- Born: 9 May 1945 (age 81) Buenos Aires, Argentina
- Children: Mariano Jinkis

= Hugo Jinkis =

Argentine businessman

Hugo Jinkis (born 9 May 1945) is an Argentine businessman, the CEO and owner of Full Play Group, a football broadcasting rights company.

Interpol released a red notice (a form of "wanted" advertisement) concerning him, for his alleged participation in issues related with bribes. He has appeared in front of the authorities and is sought by the United States on charges of conspiracy to commit the offenses of racketeering, wire fraud, and money laundering.

Jinkis was allegedly involved, along with his son, Mariano Jinkis, in the 2015 FIFA corruption case.

In August 2015, Federal Judge Claudio Bonadio ordered that Hugo and Mariano Jinkis be released from prison on condition that they remain not more than 60 km from the court, and that neither can leave their home for more than 24 hours without notifying the judicial authorities.

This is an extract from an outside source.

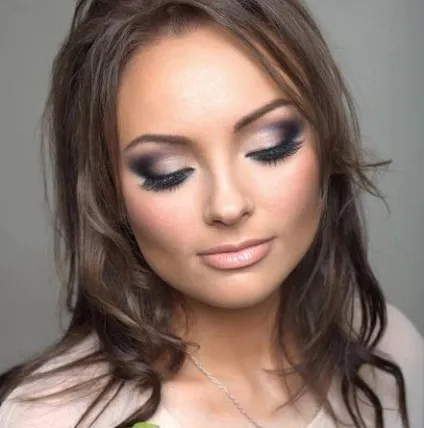 Гарний літній макіяж вечірній і денний make-up (make-up 2016) Гарний літній макіяж вечірній і денний make-up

The Full Play Group of Jinkis and his son Mariano had bank accounts in the names of Bayan Group, Cross Trading and Yorkfields. Between 2010 and 2014 Jinkins used these accounts to pay at least 53 bribes to FIFA leaders Bedoya, Chiriboğa, Esquivel and Figueredo. Following the bribes, totaling more than $14.02 million, Full Play acquired the Copa America marketing rights for 2015, 2016, 2019 and 2023. In 2020, one of the financial traders, Hapoalim Bank, an Israeli bank and its Swiss subsidiary, agreed to pay more than $30 million for its role in the laundering of more than $20 million in bribes to soccer officials.

Full Play Group’s criminal in New York was ongoing in November 2020.